Seçim hezimetini savaşla dengeleme pervasızlığı

Seçim meydanlarında 400 milletvekili isteyen kaçak sarayın gözü dönmüş efendisi, seçimlerde uğradığı hezimeti telafi edip sultanlık heveslerini gerçekleştirmek için topyekûn savaş ilan etmekten çekinmedi. Kabarık suç dosyaları ve hesap verme korkusuyla hareket eden ‘büyük şef’, burjuva cumhuriyetin siyasi alternatif yaratmadaki aczinden de güç alarak Kürt hareketine, işçi ve emekçilerle ilerici ve devrimci güçlere savaş ilan etti.

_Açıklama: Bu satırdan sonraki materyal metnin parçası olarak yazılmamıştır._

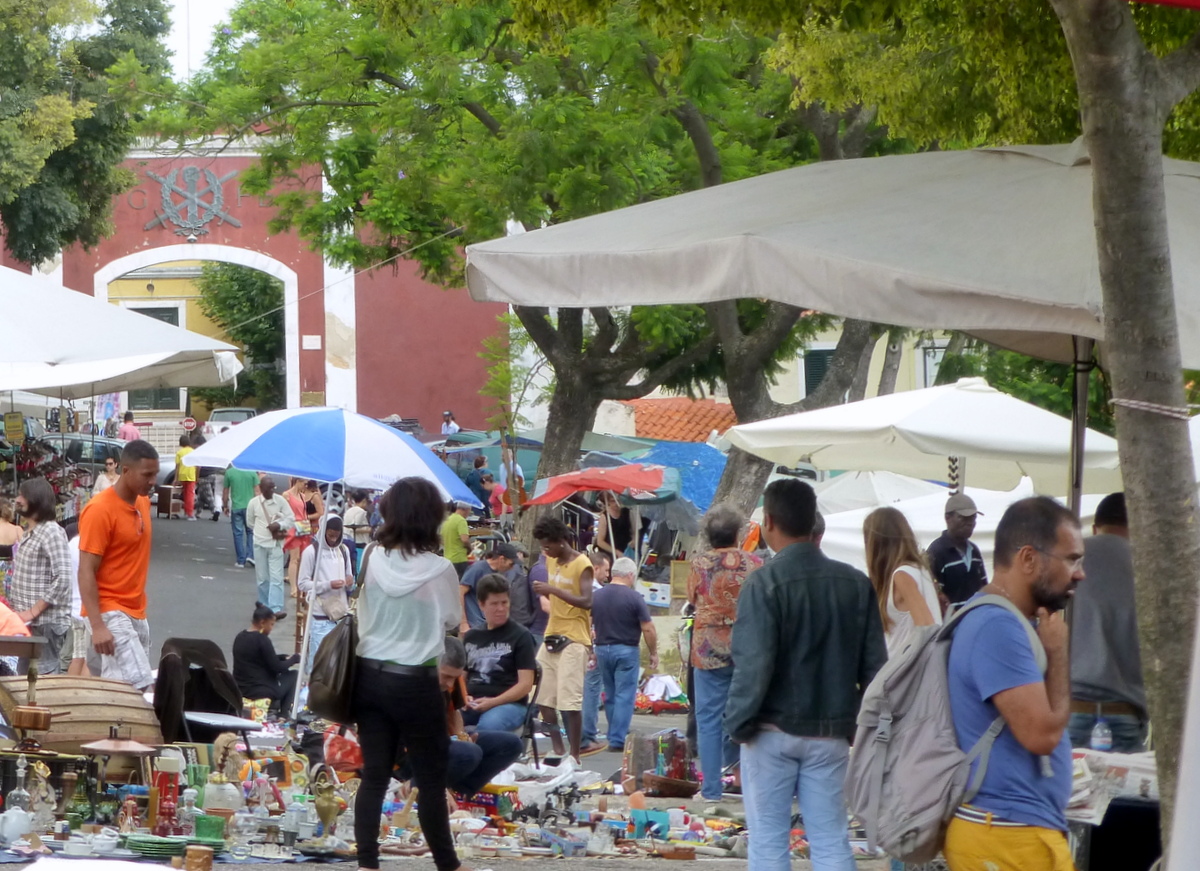 eine Attraktion in Lissabon: der Floh- und Trödelmarkt "Feira da Ladra" (übersetzt: Markt der Diebin) auf dem Gelände Campo de Santa Clara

Çözüm süreci” aldatmacasını bir kenara bırakan dinci-Amerikancı iktidar bomba ve kurşun diliyle konuşmaya başladı. Kürt sorununa iğreti de olsa çözüm üretmek bir yana, sıradan demokratik hakların kullanılmasına bile tahammül etmeyen bu ilkel zihniyet Kürt halkını teslimiyete, emekçileri ise köleliğe mahkum etmeye hevesleniyor. Bunu sağlamak için de topyekûn savaş ilan ediyor. Toplumsal meşruiyeti sıfırlanan, burjuva yasaları bile ayaklar altına alan yolsuzluk, rüşvet ve kana batmış dinci iktidarın bu saldırganlığı şaşırtıcı değil. O kendine yakışanı yapıyor. Bu aşamadan sonra esas sorun, topyekûn saldırının hedefindekilerin de kendilerine yakışanı yapıp yapmayacakları noktasında düğümleniyor.

Mevziler birleşik/meşru direnişle savunulmalıdır!

Saldırıya geçen dinci-gerici iktidar ilan ettiği savaşın insani, siyasi, sosyal, maddi-manevi faturasını Kürt halkıyla işçi ve emekçilere ödetmeye çalışacak. Nitekim bunun ilk adımı fütursuz devlet terörüyle Kürt hareketiyle ilerici ve devrimci güçleri sindirmek, demokratik siyasal kazanımları gasp etmek ve toplumun emekçi kesimlerini koyu karanlığa zorla razı etmek için ilan edilen topyekûn saldırı ile atılmıştır.

Meşruiyetten yoksun dinci-Amerikancı zorbaların bu planları, ancak saldırının hedefindeki güçlerin birleşik direnişiyle bozulabilir. Savaşa ve saldırganlığa karşı kararlı ve net bir duruş, ırkçı-dinci propaganda zehrine karşı halkların kardeşliği ve enternasyonalizm, saldırının hedefindeki Kürt hareketiyle ilerici ve devrimci güçlerin birleşik/meşru direnişini esas alan bir eylem platformu oluşturmak, bu pervasız saldırıya karşı sergilenebilecek etkili bir duruş olacaktır. Vurgulamak gerekiyor ki, bu eylem platformu Kürt halkının, işçi ve emekçilerin, Alevi emekçilerin, gençliğin, kadınların mücadele dinamiklerini harekete geçirebilecek tek alternatiftir aynı zamanda.